Regularly eating fish in your diet generally can limit the risk of developing rheumatoid arthritis. Those with a diagnosis may experience a reduction in joint swelling and pain too.
Choosing the Right Fish
Marine omega-3 fatty acids are found in many types of fish. However, the best options include salmon, tuna, mackerel and sardines. Working these fish into your diet can be of great benefit in alleviating rheumatoid arthritis symptoms.
The amount of fish you need to eat is up to you. Many recommend around 100-200g of any of these omega-3 rich fish at least two times a week, but more often cannot hurt. It is also very important to note that some fish high in omega-3 fatty acids are also high in mercury. These fish should be treated with a little more caution and not eaten in such high volume. Mercury-rich fish include shark, swordfish and tuna.

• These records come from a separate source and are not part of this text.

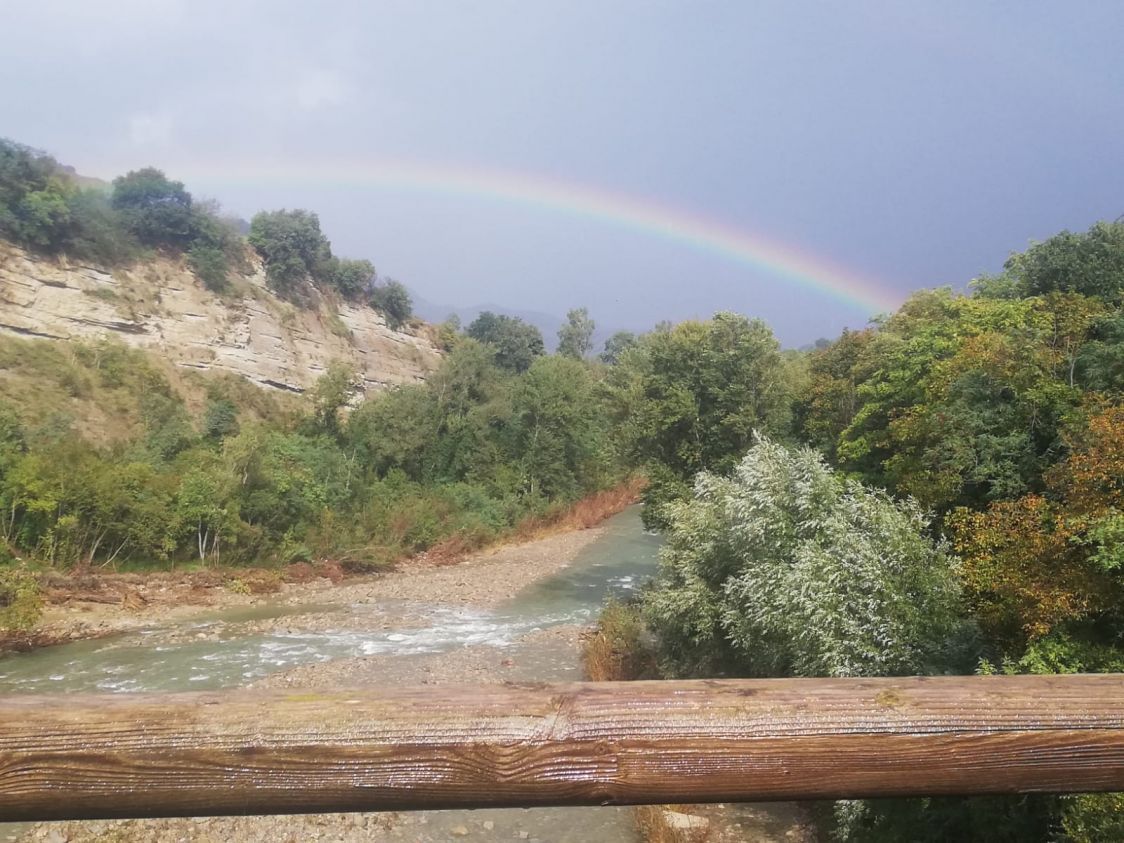 Azienda agricola La Tintoria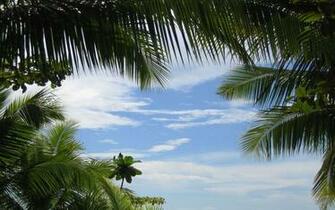 Tropical Background Pictures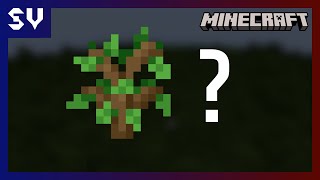 A Minecraft world... with nothing but trees?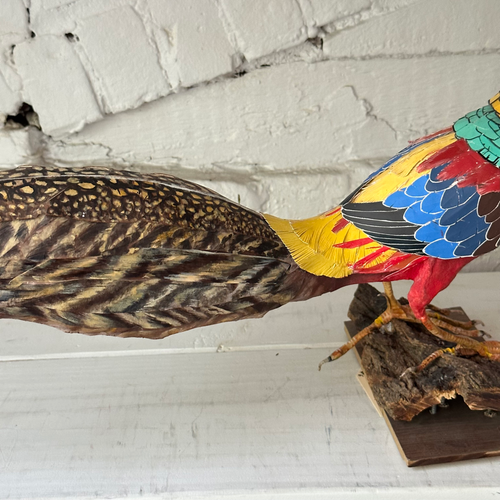 Papier-Mâché Golden Pheasant (#6)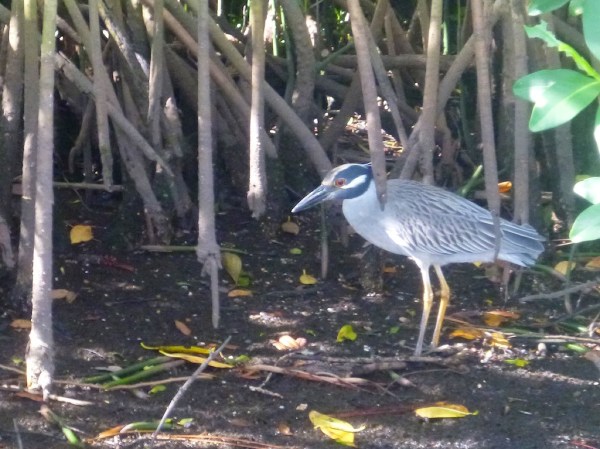 EsteroRiverYellowCrownedNiteHeron1 066.jpg EsteroRiverYellowCrownedNiteHeron1 066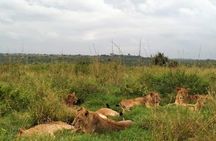 Half day wildlife tour to Nairobi National Park Game Drive with Pickup/Drop off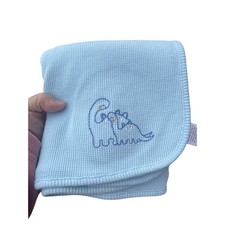 Parent's Choice Thermal Baby Blanket Dinosaur Blue Embroidery Security Lovey Boy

A Healthy Diet for Arthritis
Many people don’t like the taste of flavour of fish. Understandably you shouldn’t start eating something you don’t enjoy but the benefits of omega-3 fatty acids mean you should find a way of adding them to your diet. This could be through supplements such as cod liver oil. Other foods such as eggs, wild rice and soybeans also have increased levels of omega-3s, so you can further widen and diversify your diet, not just with fish.
A good diet alone will not alleviate all the symptoms of rheumatoid arthritis, but it can help manage and limit some of the pain and inflammation.